Why Marvel’s Multiverse Has Them Walking a Very Fine Line
With the incredible dominance that was Spider-Man: No Way Home, the MCU has been on a continual upward trajectory with no signs of slowing down, until now; as Marvel’s Multiverse has them walking a very fine line.
It has been the movie event of the year, and it stands alone as one of the biggest achievements in the realm of comic book adaptations; as Spider-Man: No Way Home has told what is perhaps the greatest Peter Parker story ever told on the big screen.
Yet, with Doctor Strange in the Multiverse of Madness fast approaching, with the promise of expounding on the multiversal unraveling that built Spider-Man: No Way Home, it can’t help but feel as though Marvel Studios is in danger of giving fans too much of a good thing.
Marvel’s Multiverse has them walking a very fine line, and there is no telling just where the MCU will go from here.

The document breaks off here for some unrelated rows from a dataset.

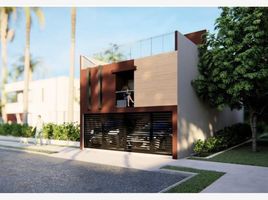 Villa 4 chambre à vendre à Santa Catarina, Nuevo Leon, Santa Catarina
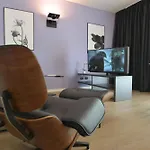 Residence Il Melograno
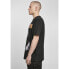 MISTER TEE Aaliyah One In A Million Oversize T-shirt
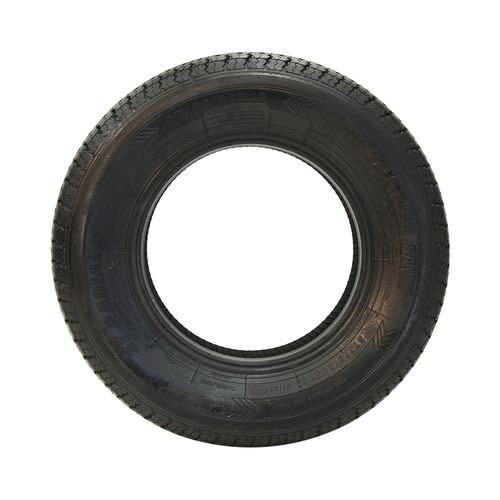 Tire Only ST175/80R13 LRC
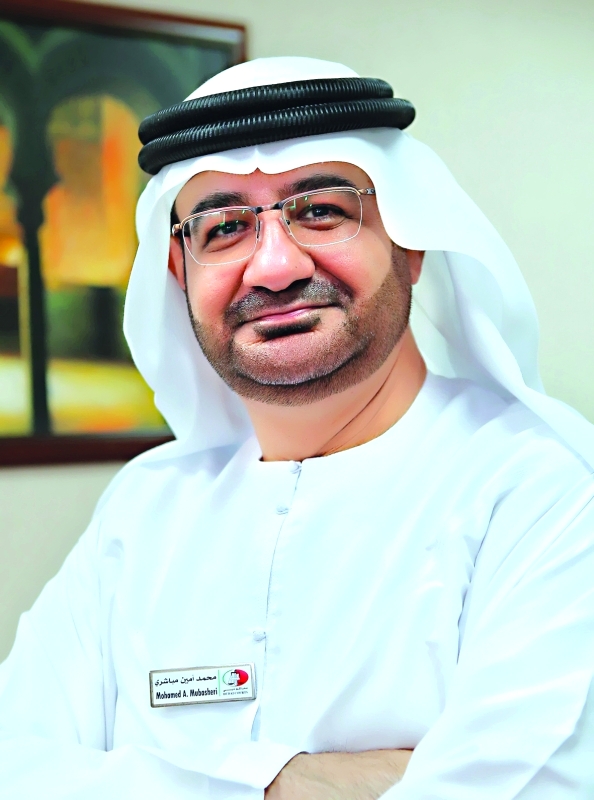 "محمد أمين"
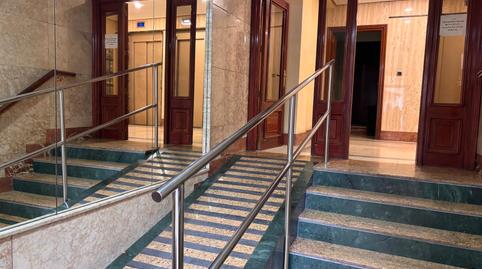 Foto 2 de Pis en venda a Carretera de Ledesma, 104, Pizarrales, Salamanca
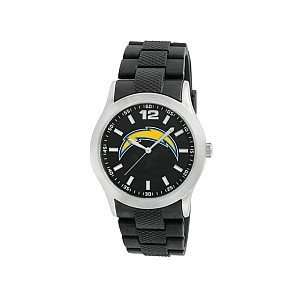  Gametime San Diego Chargers TD Watch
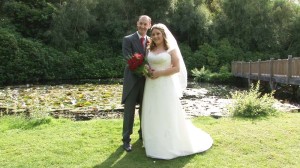 Trend Wedding Photography Tunbridge Wells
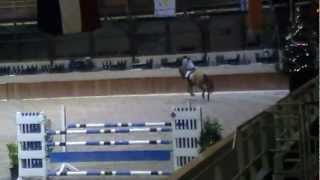 Download Lagu Winsy 1m30 MP3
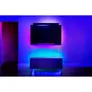 RAZER Aether Leuchtstreifen Extender - RGB-LED-Streifen-Verlängerung 1m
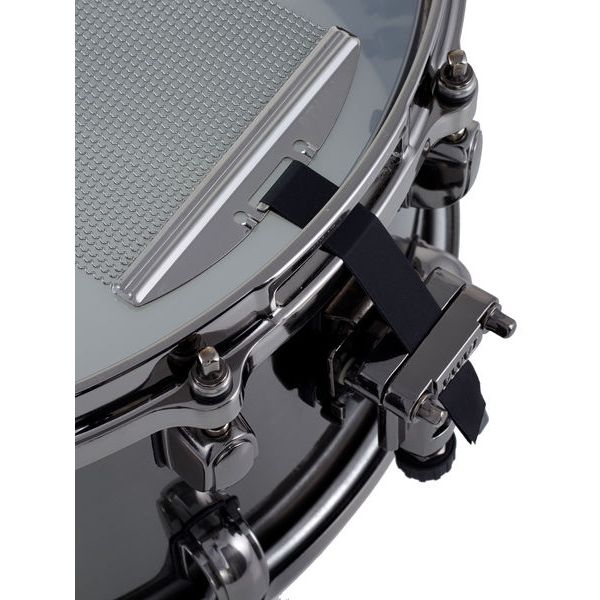 Tama JT147 John Tempesta Snare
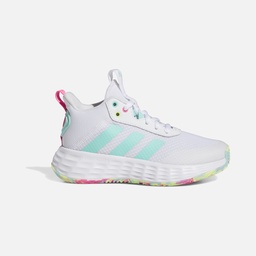 adidas Ownthegame 2.0 Çocuk Basketball Ayakkabısı
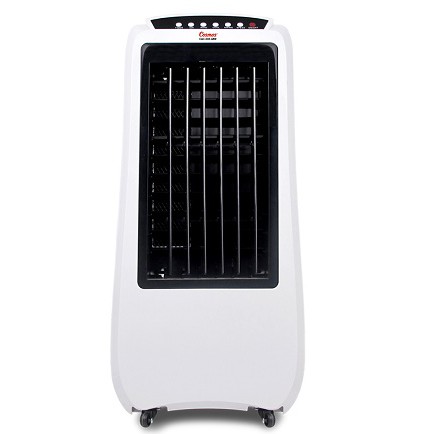 COSMOS Air Cooler CAC 005ABW / Pendingin Udara Portable - Garansi 1 Tahun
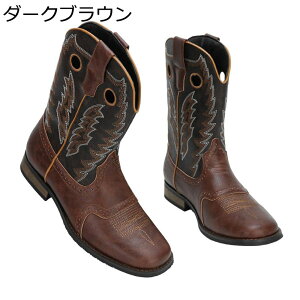 V[gu[c [Nu[c Y U[  H~t hJ nCJbg [hn ZC h΍ JWA ʋC h h Zn AJW Xg[g v[gD 傫TCY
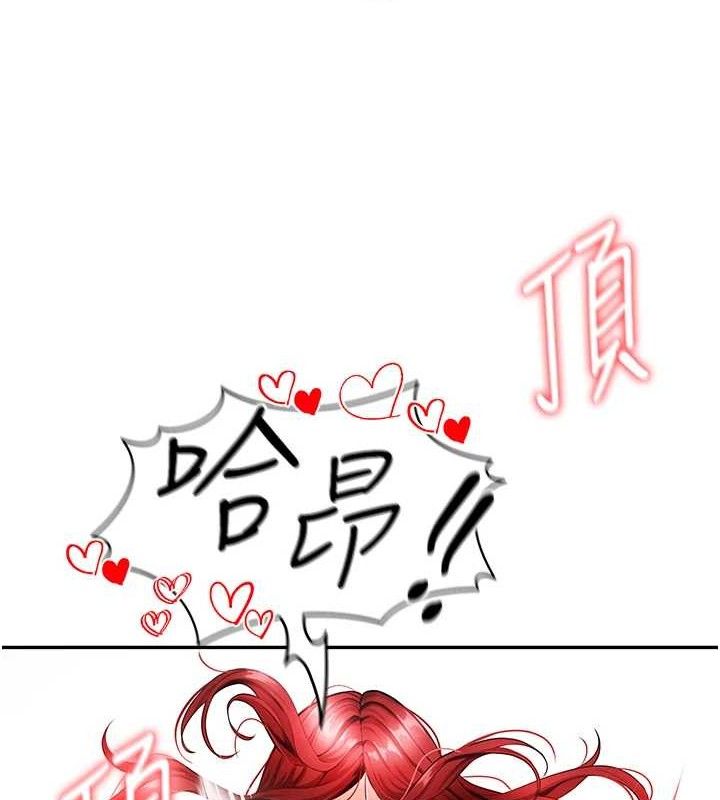 173.jpg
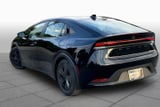 2025 Toyota Prius - Preview 11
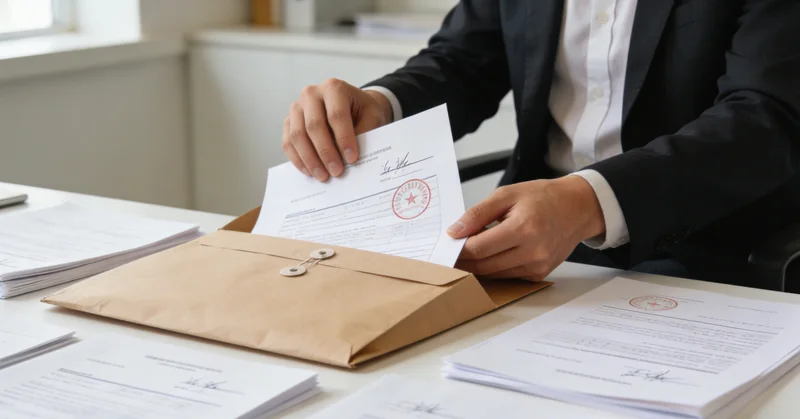 孝义家庭手绘家族健康病史图谱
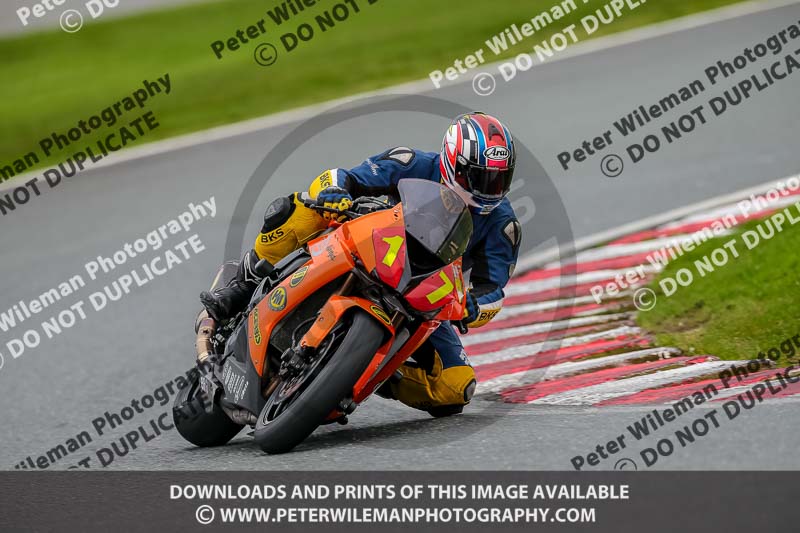 PJ Motorsport Photography 2018;anglesey;brands hatch;cadwell park;croft;donington park;enduro digital images;event digital images;eventdigitalimages;mallory;no limits;oulton park;peter wileman photography;racing digital images;silverstone;snetterton;trackday digital images;trackday photos;vmcc banbury run;welsh 2 day enduro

With Spider-Man: No Way Home, the multiverse was a relevant idea; with almost 20 years of creative history for the character, Marvel and Sony saw an opportunity to give fans what they so desperately wanted, in a way that was tragically beautifully and brilliantly told.
The audience had a built-in connection with these characters, but more so than that, the characters themselves were connected through their own shared experience.
When Tom Hollands Peter Parker of the MCU experienced the immense tragedies of Spider-Man: No Way Home, the past Spider-Man iterations could understand just what that felt like, with each fighting through their own fair share of tragedies.
That, however, is a very rare occurrence.
Doctor Strange in the Multiverse of Madness is poised to be exactly what the name implies; a story that tears the doors off of the immensely delicate Multiverse, to create a situation that is worthy of such a dier debacle.
With this premise, have come mountains of theories; from past Marvel characters shown on screen, to recastings of classic MCU characters, there has been no shortage of rumblings as to just what madness fans can be in store for.
But to what end?
At what point will fans no longer feel like they’re getting a well-developed and meaningful story? With every Spider-Man that appeared in No Way Home, there felt like a reason. A connection.
A connection that is nonexistent when we begin to pontificate over recastings of our favorite heroes with the excuse that they simply existed in a mirrored universe.
The danger for Marvel to be playing itself in a game of multiversal one-ups manship is a very real danger, with the events of Spider-Man: No Way Home clearly acting as one of the most iconic MCU moments, will Marvel fold to the pressure of trying to delivering something as iconic?
We can only hope that Marvel will understand the value in reverting simply to the fantastic storytelling that their entire universe has so far been defined; but the reality remains, Marvel’s multiverse has them walking a very fine line.